What’s it called – risk management in project.

They told us that they refused outright to even countenance providing us with what amounted to be nothing more than a short term overdraft on our account – unless we offered them collateral – some form of ‘bricks and mortar’.

The overweening arseholes actually said that, the f—king traitors.

They also said that a scrap of paper issued by the commonwealth was worthless – not worthy of any consideration.
We had been in the ‘blue’ with them for just about forever.
I’m sure the commonwealth was in a similar situation at the time.

Who’s side are those creeps on?

The big question is -“Who are these arseholes?”
The next is – “Why are our political masters following that same destructive game?”
There is no point asking the next and bloody obvious – “Why aren’t Australians rebelling against this?”
That’s because they’ve given up in just about every field of endeavour.
Basically too shit scared to ask what’s happening – objecting to what’s happening is above their radar – above the scale – impossible for the poor weenies even to comprehend.

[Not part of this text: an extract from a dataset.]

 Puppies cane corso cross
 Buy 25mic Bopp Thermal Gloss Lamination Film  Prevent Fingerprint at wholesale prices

Read that. I’m beginning to read like Arthur!

Comment from Tony
Time May 31, 2011 at 9:43 pm

Calligula: This will probably ring a bell with you (you may need to click SHOW), http://www.abc.net.au/rn/ockhamsrazor/stories/1998/11377.htm

Comment from Calligula
Time June 1, 2011 at 7:06 pm

Had no trouble opening the URL monologue Tony.

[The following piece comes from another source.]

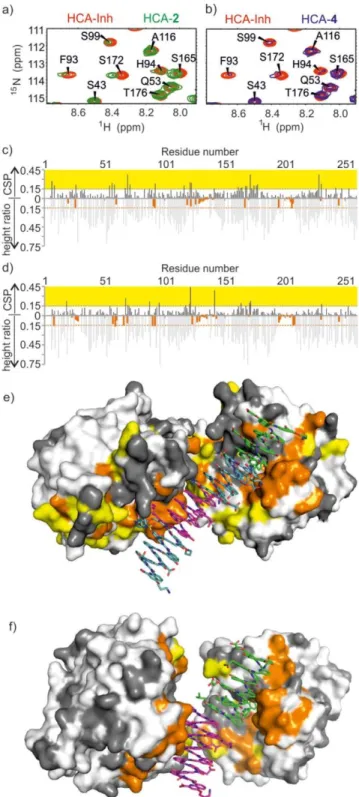 Figure 3. NMR chemical shift variations of [ 15 N]HCA (200 m M ) in complex  with Inh, 2 or 4 (1.3 equiv) in Tris buffer (10 m M , pH 8.0)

Bless you for digging it up.
I’ve tried to read it but it sends my blood pressure soaring up there with the eagles.

Not your fault but these ‘wordmiths’ have never had to beat a lump of steel toward behaving itself in man’s favour.

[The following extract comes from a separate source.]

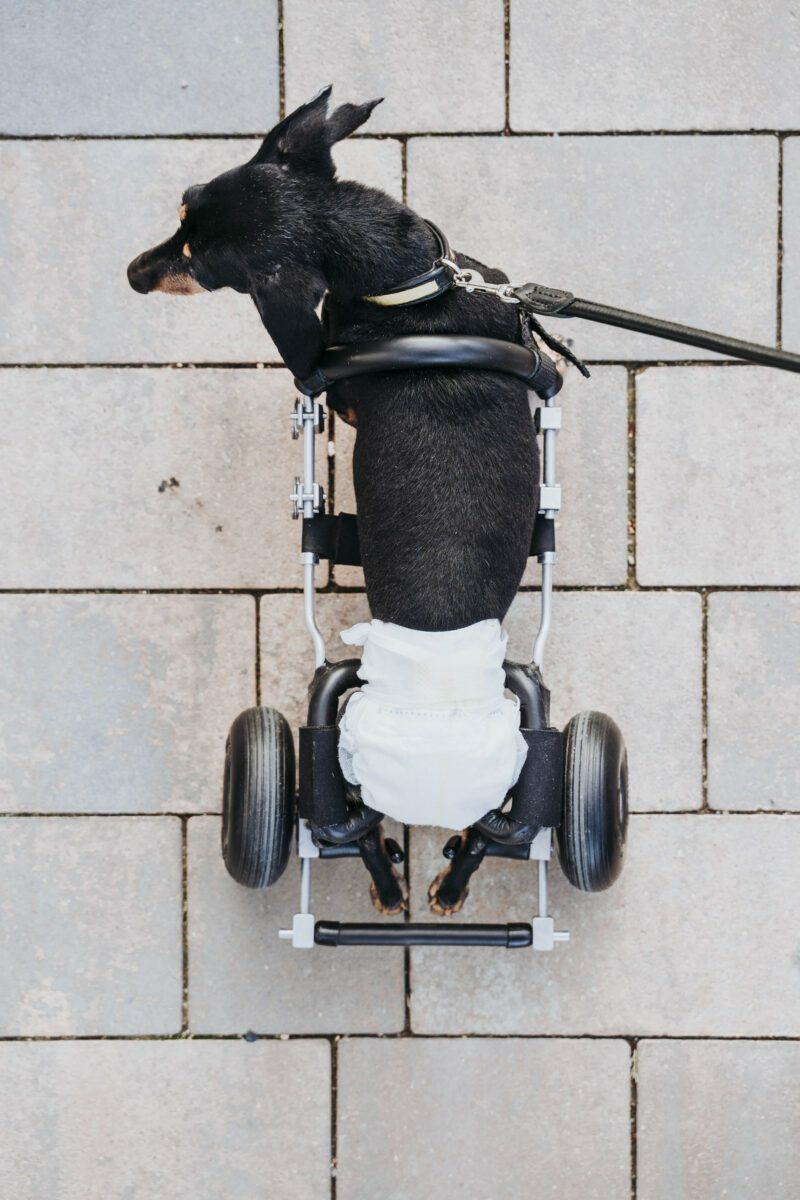 animal physical therapist office web design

Sorry. It sounds good but ‘their’ pretence is crap in the shortrun.

Why?

Because idiots like me have been there – done this or that – and after this or that has been ignored by a universe of professional wordsmiths.
In their estimation real achievers never rate any mention whatsoever.

Ha – what a f–king joke.

Now I am a wordsmith! Now I try to be.
Once I was a creator of beautiful, useful and sublime machinery that once brought joy to both the connoisseur and the militarist maniac.
That age is past thanks to Howard, that wozzisname?-Rudd.
And now the Gillard/Abbott coalition.

Gillard/Abbott coalition?
Can’t get a grip on that, can you, people?
As it happens I can’t either.
In fact I don’t only FEEL betrayed. I know that I have BEEN betrayed along with most of the population.
So faced with such base betrayal – it affords me nothing (despite Tony’s best intentions) to sift through and tease out some excuse put together by one of the tools of the oligarchy like Mr friggin’, goddamned,crosseyed, dope smokin’, coke snortin’, smartarse, Mr. Global Warming Robyn Williams.
Don’t mistake me, Williams is central to our life on Sunday morning. We take bets whether he will mention global warming or come out with another ‘poo joke’ first.
We have a fiver on it – whichever is first and thus decide which of us shouts Sunday lunch.
Thus, in the common order of things, men like Williams are important – in their humble way offer much to the progress of our life.